When your goal is to get the best possible results from a predictive model, you need to get the most from what you have. This includes getting the best results from the algorithms you are using. It also involves getting the most out of the data for your algorithms to work with.
How do you get the most out of your data for predictive modeling? The features in your data will directly influence the predictive models you use and the results you can achieve.
Feature engineering is manually designing what the input x’s should be — Tomasz Malisiewicz, answer to “What is feature engineering?”
Feature engineering is the art of creating predictor variables. Your model will never be any good if your features, your predictors aren’t any good. Feature Engineering is important because better features result in simpler models that are faster to run, easier to understand and easier to maintain and gives good result. The big idea is how can we take the voluminous raw data and shape it into a reasonable set of variables in an efficient, effective and predictive way.

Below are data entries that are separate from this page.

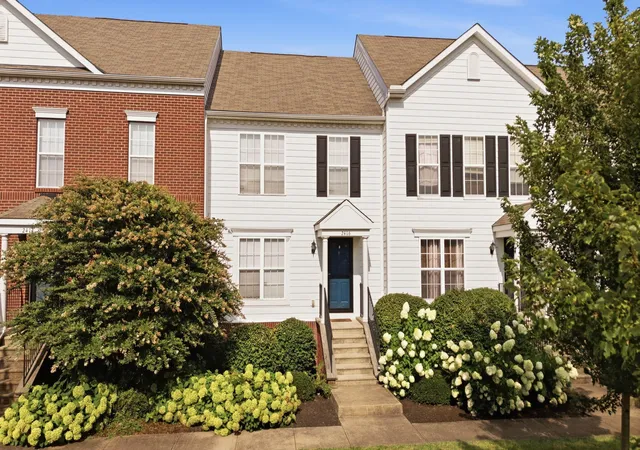 Photo 1 of Single family home for sale at 2416 Ogden Way, Lexington, KY 40509 | MLS# 26019711 | Listing updated on 2026-07-31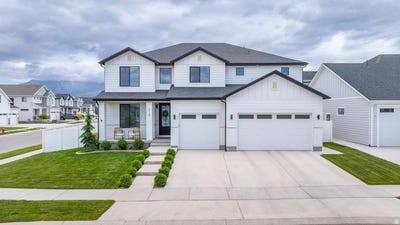 /international/us/213-s-cottonwood-rd-vineyard-ut-110108342562/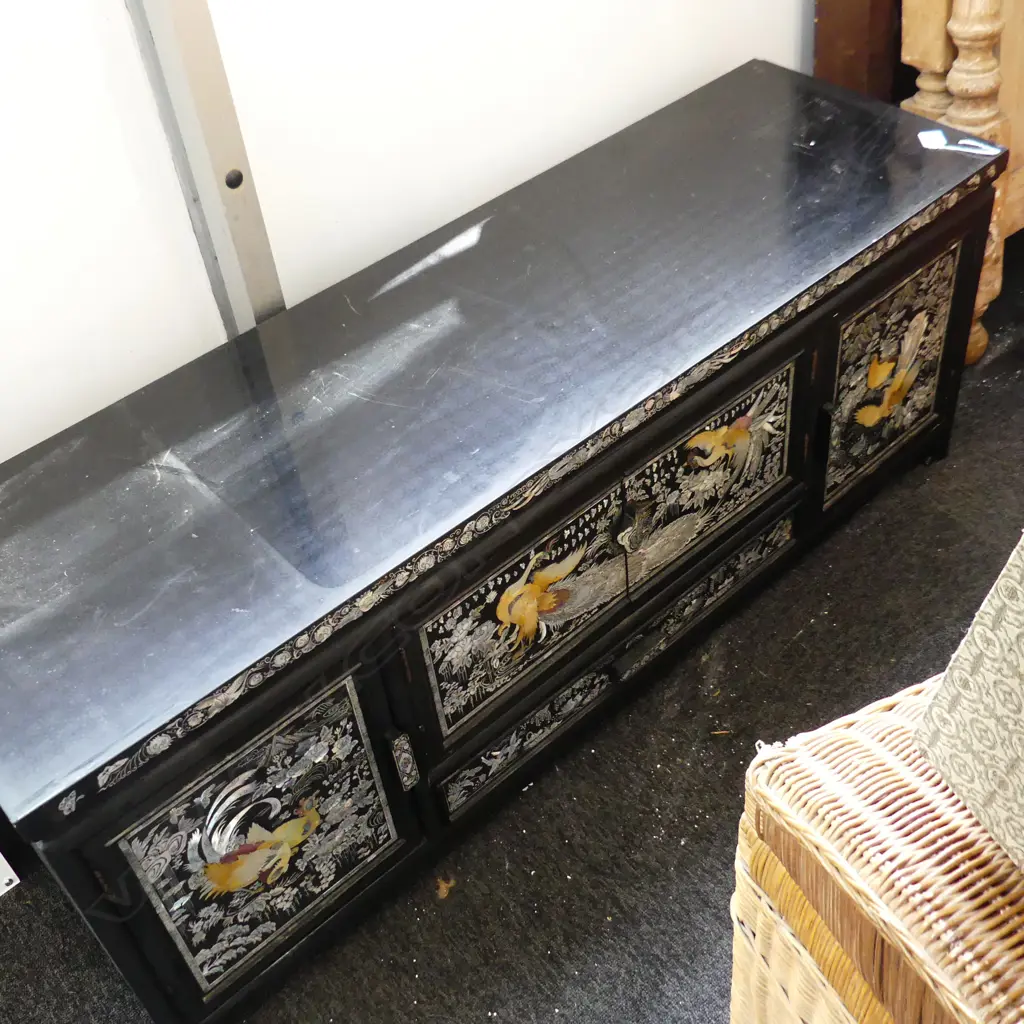 ORIENTAL MoP & BLACK LACQUER LOW CABINET 1210x370x460mm Image 1++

It’s a process in its own right, you brainstorm features, you decide what features to create, you create the features, you study the impact of the features and the model goodness then you iterate on the features if useful and then you go back to creating more features or brainstorming more features until you feel like you’re done.
The traditional idea of “Transforming Data” from a raw state to a state suitable for modeling is where feature engineering fits in. Transform data and feature engineering may in fact be synonyms. It is an iterative process that interplays with data selection and model evaluation till we get improved model.
Some observations are far too voluminous in their raw state to be modeled by predictive modeling algorithms directly. Feature extraction is a process of automatically reducing the dimensionality of these types of observations into a much smaller set that can be modelled. If our data is in tabular format then the columns or attribute could represent a feature. To be more specific a feature is an attribute that is useful or meaningful to our problem.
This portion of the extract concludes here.